Excerpt
Steering by Starlight
CHAPTER 1
The End
"The first guy to go in always carries a shotgun," says Kirk Fowler. He's not a big man, for a law enforcer; in fact, he's not much taller than I am. This is a quality I appreciate in a martial arts instructor. Kirk is my sensei, and in the middle of a lesson, he's telling me how he used to serve warrants on suspected drug runners and coyotes, con artists who take would- be immigrants' money, then load them into trucks and abandon them in the desert to die.
"These are really violent people," Kirk says, "and they have an intense fight-or-flight reaction at that first sight of the officers. They're usually doing drugs as well as selling them, and that makes them about as violent and unpredictable as humans get.
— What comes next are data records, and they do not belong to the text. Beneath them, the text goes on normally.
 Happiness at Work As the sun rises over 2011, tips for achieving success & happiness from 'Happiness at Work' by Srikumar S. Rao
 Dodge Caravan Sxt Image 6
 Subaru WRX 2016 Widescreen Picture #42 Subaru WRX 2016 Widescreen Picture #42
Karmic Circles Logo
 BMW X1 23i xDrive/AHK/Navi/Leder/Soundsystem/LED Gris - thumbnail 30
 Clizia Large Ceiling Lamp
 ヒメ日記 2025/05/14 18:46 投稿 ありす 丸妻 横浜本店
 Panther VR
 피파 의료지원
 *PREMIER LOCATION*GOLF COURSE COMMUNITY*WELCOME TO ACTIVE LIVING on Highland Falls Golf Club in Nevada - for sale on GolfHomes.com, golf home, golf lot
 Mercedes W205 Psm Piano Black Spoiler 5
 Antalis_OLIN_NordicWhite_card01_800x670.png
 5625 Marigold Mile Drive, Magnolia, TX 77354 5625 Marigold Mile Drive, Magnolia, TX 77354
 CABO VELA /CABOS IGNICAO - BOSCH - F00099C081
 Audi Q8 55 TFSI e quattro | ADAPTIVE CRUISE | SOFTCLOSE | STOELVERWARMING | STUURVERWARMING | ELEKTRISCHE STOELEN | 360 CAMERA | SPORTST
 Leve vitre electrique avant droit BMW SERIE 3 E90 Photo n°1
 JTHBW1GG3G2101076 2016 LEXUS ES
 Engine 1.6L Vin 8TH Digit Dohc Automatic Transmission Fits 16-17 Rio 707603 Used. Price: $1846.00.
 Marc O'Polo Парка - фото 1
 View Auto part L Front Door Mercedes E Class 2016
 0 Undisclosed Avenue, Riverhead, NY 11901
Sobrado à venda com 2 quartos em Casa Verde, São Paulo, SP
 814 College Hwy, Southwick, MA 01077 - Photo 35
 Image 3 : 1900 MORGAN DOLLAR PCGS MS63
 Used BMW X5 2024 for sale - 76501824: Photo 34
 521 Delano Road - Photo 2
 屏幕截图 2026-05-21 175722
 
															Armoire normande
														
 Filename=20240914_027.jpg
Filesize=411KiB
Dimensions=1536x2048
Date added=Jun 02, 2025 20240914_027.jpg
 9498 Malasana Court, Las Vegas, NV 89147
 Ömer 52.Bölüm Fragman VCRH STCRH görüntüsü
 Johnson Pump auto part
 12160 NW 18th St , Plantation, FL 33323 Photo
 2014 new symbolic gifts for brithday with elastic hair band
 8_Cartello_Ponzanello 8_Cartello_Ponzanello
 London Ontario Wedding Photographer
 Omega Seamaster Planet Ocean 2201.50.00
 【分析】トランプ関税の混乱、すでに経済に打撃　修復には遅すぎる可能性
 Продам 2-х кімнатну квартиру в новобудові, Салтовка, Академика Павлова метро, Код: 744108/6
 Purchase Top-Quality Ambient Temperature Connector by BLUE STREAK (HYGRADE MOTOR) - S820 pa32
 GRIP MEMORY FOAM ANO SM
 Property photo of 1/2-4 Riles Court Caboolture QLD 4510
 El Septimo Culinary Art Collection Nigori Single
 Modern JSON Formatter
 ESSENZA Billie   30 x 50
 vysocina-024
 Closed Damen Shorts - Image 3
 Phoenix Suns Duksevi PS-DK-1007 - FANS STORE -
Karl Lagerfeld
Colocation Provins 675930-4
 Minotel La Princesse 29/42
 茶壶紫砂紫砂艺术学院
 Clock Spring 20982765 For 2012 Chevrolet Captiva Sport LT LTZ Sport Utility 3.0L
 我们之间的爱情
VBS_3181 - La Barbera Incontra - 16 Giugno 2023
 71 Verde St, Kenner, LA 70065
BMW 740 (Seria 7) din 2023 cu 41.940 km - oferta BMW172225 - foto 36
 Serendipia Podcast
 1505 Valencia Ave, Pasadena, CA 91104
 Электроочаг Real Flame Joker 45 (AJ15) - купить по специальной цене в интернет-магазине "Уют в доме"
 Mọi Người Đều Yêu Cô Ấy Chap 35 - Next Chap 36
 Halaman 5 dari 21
You're never in more danger than when you're walking into a room to serve a warrant. It's scary as hell."
It's hard to imagine Kirk terrified. He's a master of aikido, a martial art that focuses more on inner peace than on physical power. I'm learning aikido because it works like magic. Literally. An aikido master gently touches your head, and suddenly you're on the floor. You try to slug him, and you can barely lift your arm. These effects feel almost supernatural, but given a few minutes, anyone can use them well enough to see that they're real. So it isn't surprising that Kirk's aikido training was very helpful when he worked for the Border Patrol. What is surprising is the way it helped.
"One day when I was serving a warrant, I decided to try going in with my energy totally calm and relaxed, instead of high adrenaline. The suspects were in a motel room, wired, scared, and well armed. To reach a place where my energy was calm, I had to imagine that all of them were already dead.
"So I went into that room feeling really quiet and respectful, the way you'd feel going to a funeral. And when I opened the door, no one did anything. The suspects just looked at me as though they'd invited me to a summer picnic. They cooperated with the officers through the whole arrest. Even to me, that was weird.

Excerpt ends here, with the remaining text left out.